Agitate, organize and educate.
Posts: 1,029
|
Post by rangewalker on Sept 25, 2022 18:07:41 GMT -8
I will give Moss absolutely credit with the Thermos-Seely pop tent. My parents had several over the years. They were fiberglass poles heled in sleeves and the poles were swung over and held in tension. A HS friend had a canvas BP tent that used those same poles but they were stretched out inside like the modern Bibler and Black Diamond storm tents. I have a BD First Light that uses that two-pole skeleton set up. I have an MSR Fury 2 person (2014) four season tent that is very much a Moss team tent. the tent is incredible but has serious pole issues as DAC and MSR cut grams in the wrong places on poles.
|
|
dayhiker
Trail Wise!
Posts: 8,416
Member is Online
|
Post by dayhiker on Sept 25, 2022 22:09:34 GMT -8
I finished the book, apparently he had to be talked into using metal poles, and some of their early models did not hold up that well, but they talked to climbers etc. and improved things. Moss Tents came about much later than I realized , they had been designing tents and selling the designs before than, Moss tents was when they started making them in Maine. The book has many testimontutals on how they stood to some incredible conditions. They had another division which made tents for exhibitions, I guess like dividers, but with their stylus tent / tarp like structures and could be put up and down much quicker and cheaper. She ran that after they were divorced (was president of the whole company anyway) and made some real money (for stockholders?) REI bought and combine them with some other makers and sold them as MSR , I think, already forgot. Yes the reviews on many of there tents have pole problems where they connect. And tents may have borrowed from them but certain things keep going, like lighter fabrics and tarp tents, though I have a Moss Bug Insert for the Vista Wing so the tarptetn is not that different, though much lighter. The Moss Tents were always too heavy for me, but I did not need something for K2, I was really surprised to find that people ski camped with even lighter shelters like the Beta Light, which was fairly light even with the bug insert , at least until I got a hammock and they and tarp tent. I always liked the centenary cut, in their tarps and in their tents . . . A guy who worked with him uses the same sort of shapes in shelters in AZ for like swimming pools, even though his are solid structures, really a beautiful book.
|
|
dayhiker
Trail Wise!
Posts: 8,416
Member is Online
|
Post by dayhiker on Oct 6, 2022 20:11:54 GMT -8
|
|
franco
Trail Wise!
Posts: 2,297
|
Post by franco on Oct 8, 2022 1:32:20 GMT -8
Could be legit. From their web site :.https://mosstents.net/ 1983 BILL MOSS left MOSS TENT WORKS, then divorced MARILYN, MOSS INC. continues to run as CEO (until 2001)

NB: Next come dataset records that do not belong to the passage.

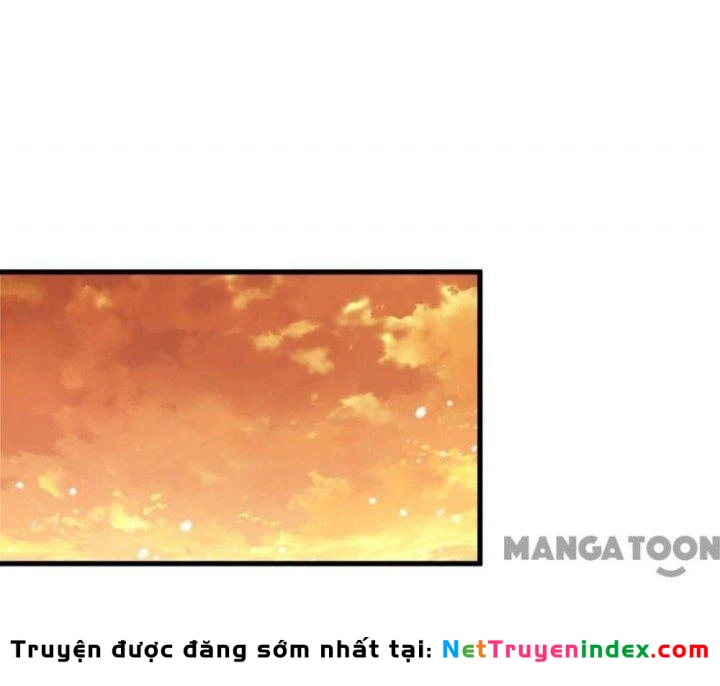 Cực Phẩm Bại Gia Tử Chapter  148 - 38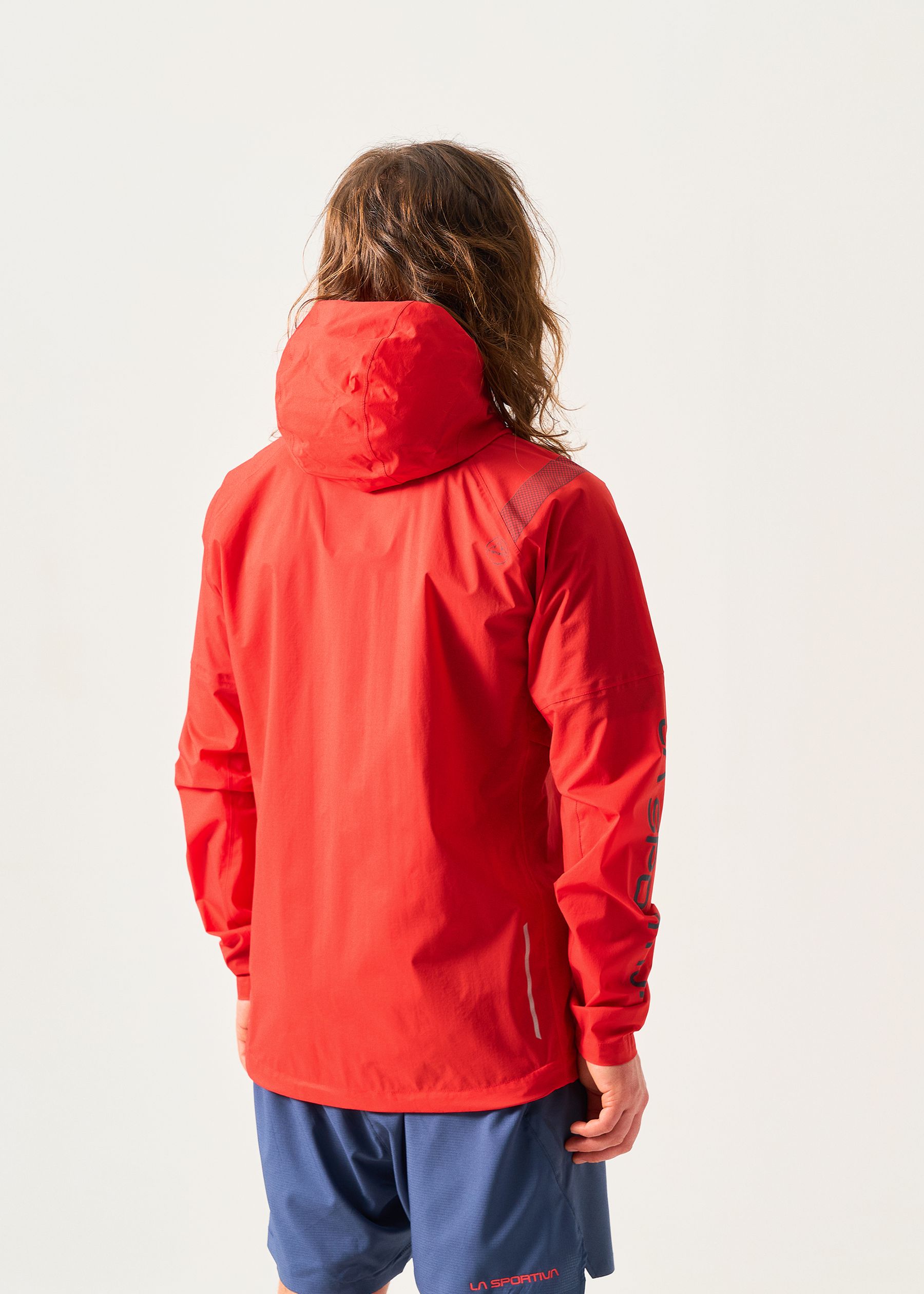 Image - 3 - Pocketshell Jacket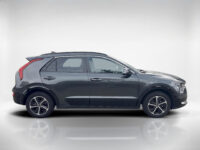 56753509-kia-niro-1-6-gdi-hybrid-dynamicplusline-1e-eigenaar-dealeronderhouden-leder-led-stoel-stuur-verw-2023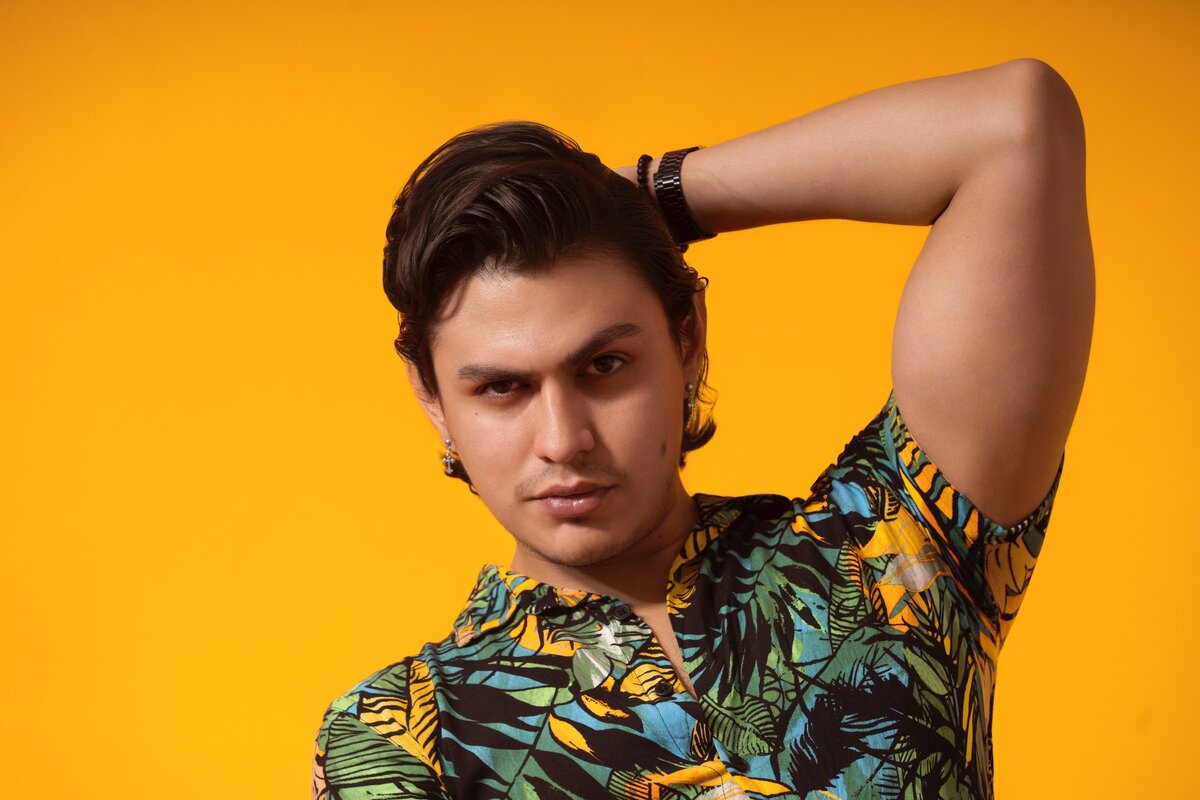 источник: https://unsplash.com/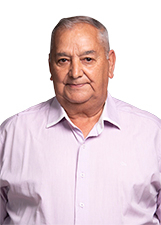 Foto de OSCAR DE OLIVEIRA CARVALHO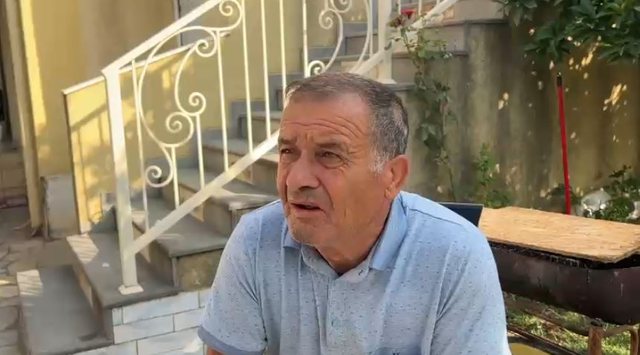 “Pa mua s’ke jetë! Do të fejohemi sërish ose do ju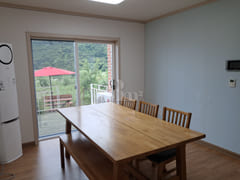 Hapcheon Lake Grid 1st Floor 4th image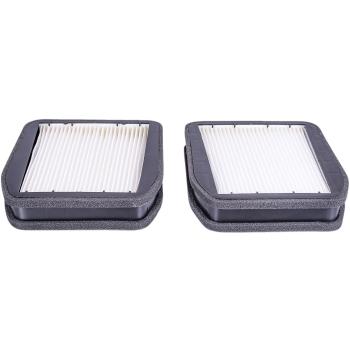 Denso 4534064 Cabin Air Filter product image 1 of 1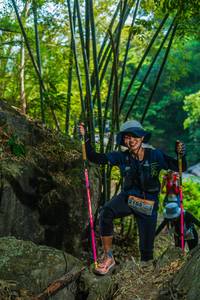 BIB: 
                            <button type="button" onclick="openModal(19467985)" class="btn btn-primary btn-sm float-right btn-popup" data-toggle="modal" data-target=".modal-high-quality">
                        <i class="fas fa-shopping-cart"></i> Add to Cart
                    </button>
                                            <button type="button" onclick="isThisMe(19467985, true)" class="btn btn-success btn-sm float-right btn-popup btn-isme hidden" data-toggle="tooltip" data-placement="bottom" title="นี่คือรูปของคุณใช่ไหม คลิกที่นี่เพื่อเอาเข้าอัลบั้ม">
                        <i class="fas fa-plus"></i> Add to album
                    </button>
                    <button type="button" onclick="isThisMe(19467985, false)" class="btn btn-warning btn-sm float-right btn-popup btn-isnotme hidden">
                        <i class="fas fa-ban"></i> Remove from album
                    </button>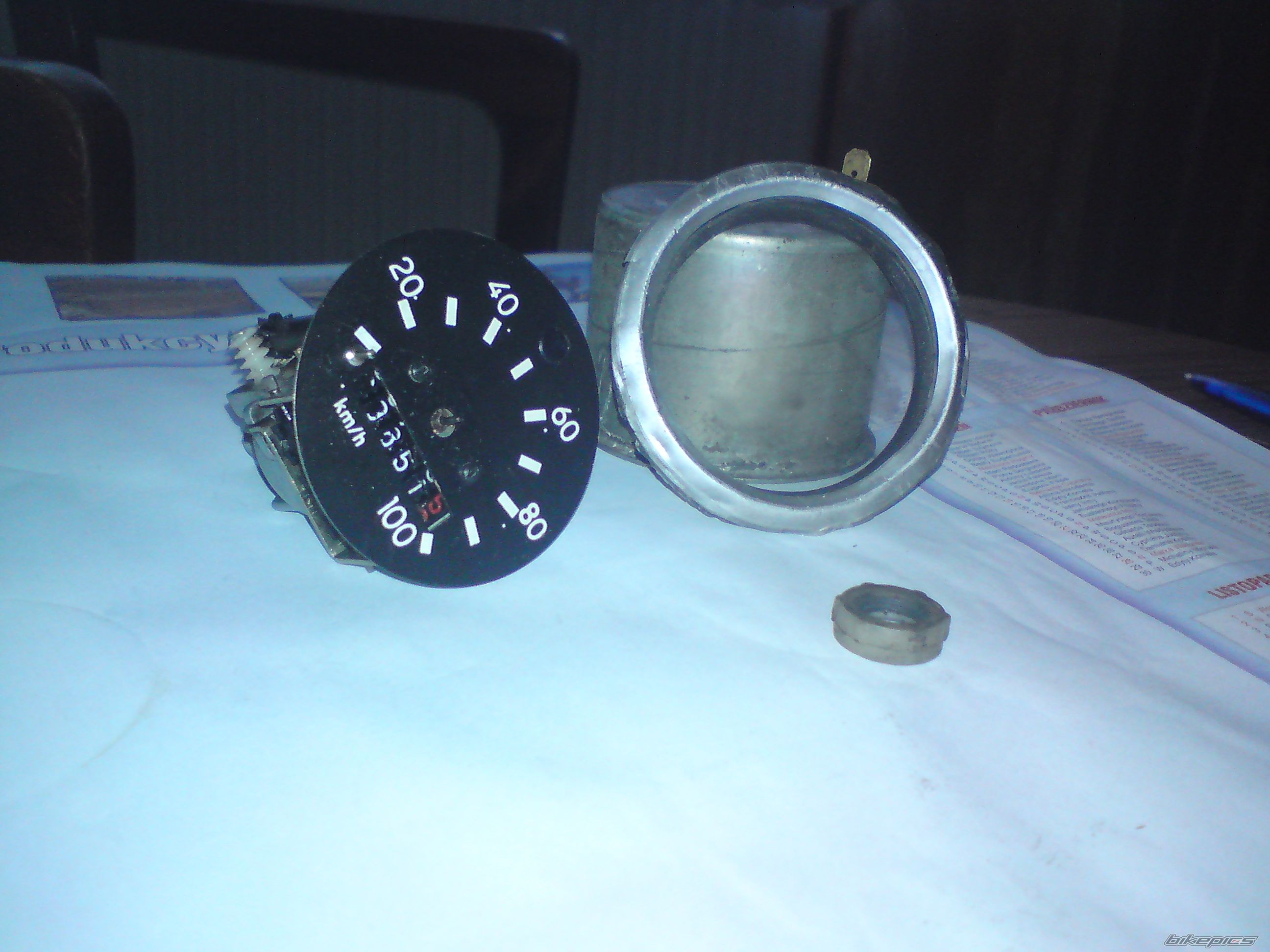 Photo 1901457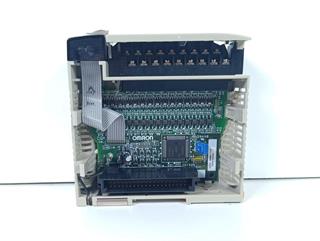 ik-industry/pd/omron-ausgangsmodul-output-unit-cqm1-od214unused-und-ovp-78770-5.jpg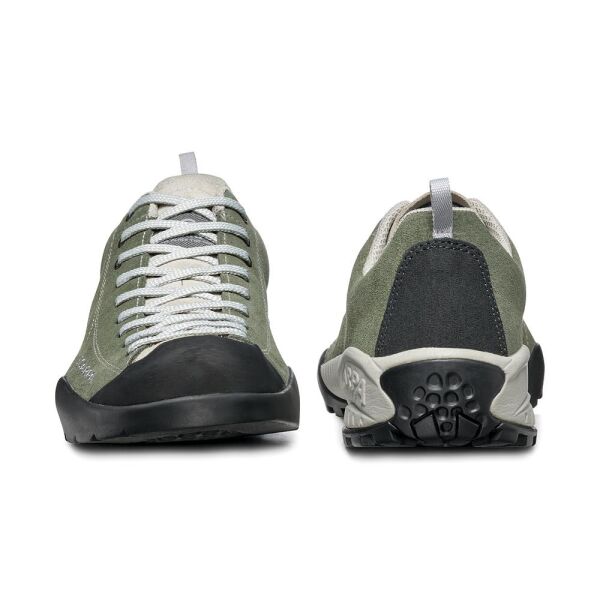Scarpa Mojito Birch Spider Ayakkabı (46) 40,5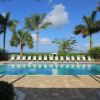 Отель Estero Beach & Tennis 1002c 1 Bedroom 1 Bathroom Condo, фото 12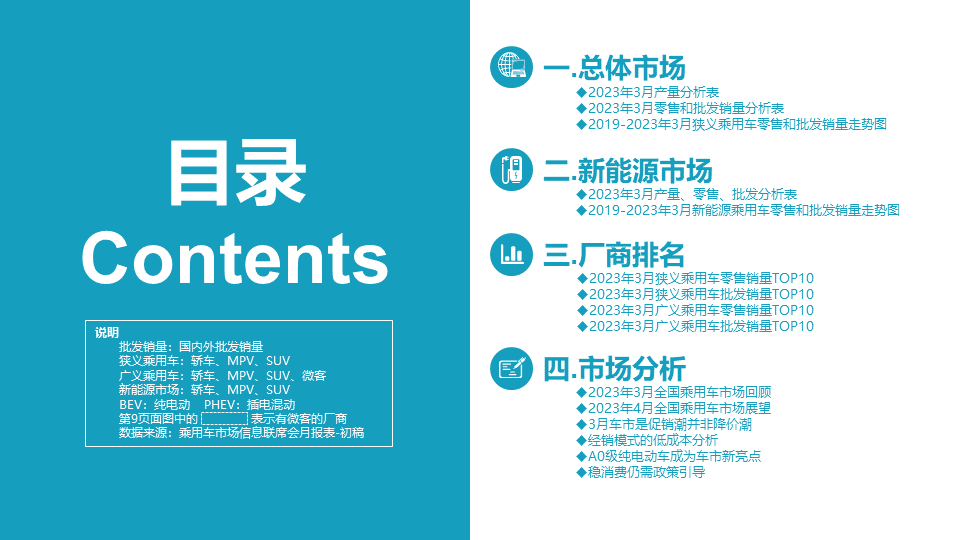 微信圖片_20230412161236.png 微信圖片_20230412161236.png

1994 Sold the design blueprint (blueprint) rights of the CAMP TENT division of MOSS INC. to Warlus. Partial inheritance of MOSS's design know-how, the Seattle model appeared in the brand logo around this time.
2001 Sold MOSS INC. to EXHIBITS company
2019 JWMOS ENTERPRISE (USA) and SOLO STAR JAPAN CO., LTD. (JPN) signed a contract as the main licensee for the right to use MOSS TENT BRAND trademarks, archives, materials, etc. (Japan, China, South Korea, Taiwan)
2020 Newly established MOSS JAPAN INC. to inherit ETHOS of MOSS TENTS BRAND
However I have never heard of Exibits or JWMOS ENTERPRISE (USA).